Analysis of the treatment outcomes showed a favorable response rate (CR rate of 78.8%) leading to a five-year OS of 71% with a median OS of 131 months. This may be explained by the majority of patients being in early stages of the disease (75%) with low to low-intermediate IPI (99.1%). In the study there were variations in histological subtypes of pENL and modalities of treatment as well as inaccessibility to rituximab, [21] which could influence the interpretation and cause difficulties in making direct comparison to other studies into pENL and nodal lymphoma. In addition to this point, there were conflicting data regarding the OS of pENL and nodal lymphoma, [6,8,17] partially due to the different definition of pENL.[5] In this current study that had a relatively small number of patients, anemia, B-symptoms, and high LDH were associated with OS. These factors were also found to be the prognostic factors in some subtypes of lymphoma including DLBCL and MALT lymphoma. [11,13,22,23]

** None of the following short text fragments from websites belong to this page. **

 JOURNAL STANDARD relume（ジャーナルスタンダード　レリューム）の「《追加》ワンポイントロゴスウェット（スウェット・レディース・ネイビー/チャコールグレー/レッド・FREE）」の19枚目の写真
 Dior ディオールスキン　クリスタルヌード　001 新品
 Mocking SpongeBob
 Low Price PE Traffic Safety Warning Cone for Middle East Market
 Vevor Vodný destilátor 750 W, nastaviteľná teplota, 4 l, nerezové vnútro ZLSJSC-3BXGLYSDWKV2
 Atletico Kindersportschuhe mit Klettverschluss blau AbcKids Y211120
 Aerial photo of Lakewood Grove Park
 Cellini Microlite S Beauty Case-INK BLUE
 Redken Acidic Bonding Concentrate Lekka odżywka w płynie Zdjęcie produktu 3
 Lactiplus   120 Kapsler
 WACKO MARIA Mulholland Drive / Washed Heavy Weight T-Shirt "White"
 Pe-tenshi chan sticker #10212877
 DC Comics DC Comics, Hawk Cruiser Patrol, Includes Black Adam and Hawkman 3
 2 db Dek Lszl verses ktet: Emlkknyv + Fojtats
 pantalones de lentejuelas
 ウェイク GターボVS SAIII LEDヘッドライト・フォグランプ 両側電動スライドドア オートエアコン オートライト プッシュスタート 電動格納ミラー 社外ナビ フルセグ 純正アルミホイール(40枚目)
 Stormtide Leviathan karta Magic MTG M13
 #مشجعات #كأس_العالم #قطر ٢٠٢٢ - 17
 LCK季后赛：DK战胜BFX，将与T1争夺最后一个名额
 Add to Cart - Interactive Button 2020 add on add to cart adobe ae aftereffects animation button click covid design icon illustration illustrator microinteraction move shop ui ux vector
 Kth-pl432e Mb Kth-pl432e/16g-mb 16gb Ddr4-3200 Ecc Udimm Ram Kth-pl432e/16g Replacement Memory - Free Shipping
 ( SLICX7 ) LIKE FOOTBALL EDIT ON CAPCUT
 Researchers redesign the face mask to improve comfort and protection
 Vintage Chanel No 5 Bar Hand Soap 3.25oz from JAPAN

The limitation of this study was related to the retrospective nature which might have led to incomplete data collection and selection bias. In addition, it represented information regarding pENL from a single institution with a limited number of patients. As a result, the subgroup analysis of outcomes according to histological subtypes and primary extranodal organs might be not accurately interpreted. Nevertheless, the current study provided real world data regarding pENL in Thailand. A larger prospective multi-center study comparing information about pENL with details about primary nodal lymphoma is warranted.

In conclusion, lymphoma can have various extranodal presentations. The GI tract, in particular the stomach, was the most common location of pENL treated in Chiang Mai University Hospital. DLBCL was the most common subtype of pENL found followed by MALT lymphoma.